During this training phase it was noticed that one of the main limitations of this model of mechanical prosthesis is that when initiating the initial contact phase the knee of the prosthesis must be fully extended, because in case there is minimal flexion when the weight of the user is transferred in the phase of response to the load, it will flex at once, which can cause fall.

For the acquisition of the electromyography signals, electrodes were used that were placed in the quadriceps lateral femoralis muscle, using the SENIAM protocol, positioned contralaterally to the leg that was amputed. This was necessary because the quadriceps femoral muscle of the thigh that was with the adapted prosthesis was always in the relaxed state, due to its positioning (Flexed to 90°). However, it is believed that in people who have amputation above the knee and who were protected immediately after amputation, they have electromyographic signals that are sufficient to be used as classifiers in a control system of an electronic knee prosthesis [8,9,10].

During the normal gait tests (Fig. 6), it was found that the Y and Z axis graphs on both accelerometer 1 and accelerometer 2 were not stabilized and were not cyclical in all tests performed. These graphs were expected, with rotation on the Y axis indicating a slight external rotation of the knee whereas rotation on the Z axis indicates a slight lateralization of the movement (abduction/adduction movement). This phenomenon was also observed in gait with the adapted prosthesis (Fig. 8), however its variations were greater in accelerometer 2, which is explained by being more distant from the hip.

The rotation on the X axis has the purpose of extending and flexing the knee and is the only axis that has cyclic movement and standard in both gears, being thus like in the other axes more intense in the accelerometer 2. This is explained, therefore when observing the gait it is noticed that the leg executes movements with amplitudes greater than the thigh.

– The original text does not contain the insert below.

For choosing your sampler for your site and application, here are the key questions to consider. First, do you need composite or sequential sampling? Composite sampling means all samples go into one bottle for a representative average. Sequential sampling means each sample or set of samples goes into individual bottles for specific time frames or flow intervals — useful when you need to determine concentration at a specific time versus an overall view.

Regarding the data in Tables 1 and 2, it is possible to notice that gait with the prosthesis is slower than normal, and this result was already expected. When using the prosthesis the researcher, spent more energy and made more effort in carrying out the walk and this was perceived with the increase of the amplitude of the EMG signal when the muscle should be relaxed, prolonging the time of the stance phase. The EMG signal, as shown in Fig. 8, has a longer activation time than the signal shown in Fig. 6, indicating that the leg stance phase is larger than that of the leg with the prosthesis, i.e., that the swing phase of the prosthesis is smaller. This phenomenon is explained by the literature, since the user does not have total confidence in the prosthesis leg [2, 11].

Based on all the data acquired during the tests, it is concluded that it is possible to create a control system for an electronic knee prosthesis, using the same equipment that was apply in the gait analysis phase. The equipment used is portable and has bluetooth communication, which allows in the future the creation of a mobile application that will receive signals coming from the prosthesis.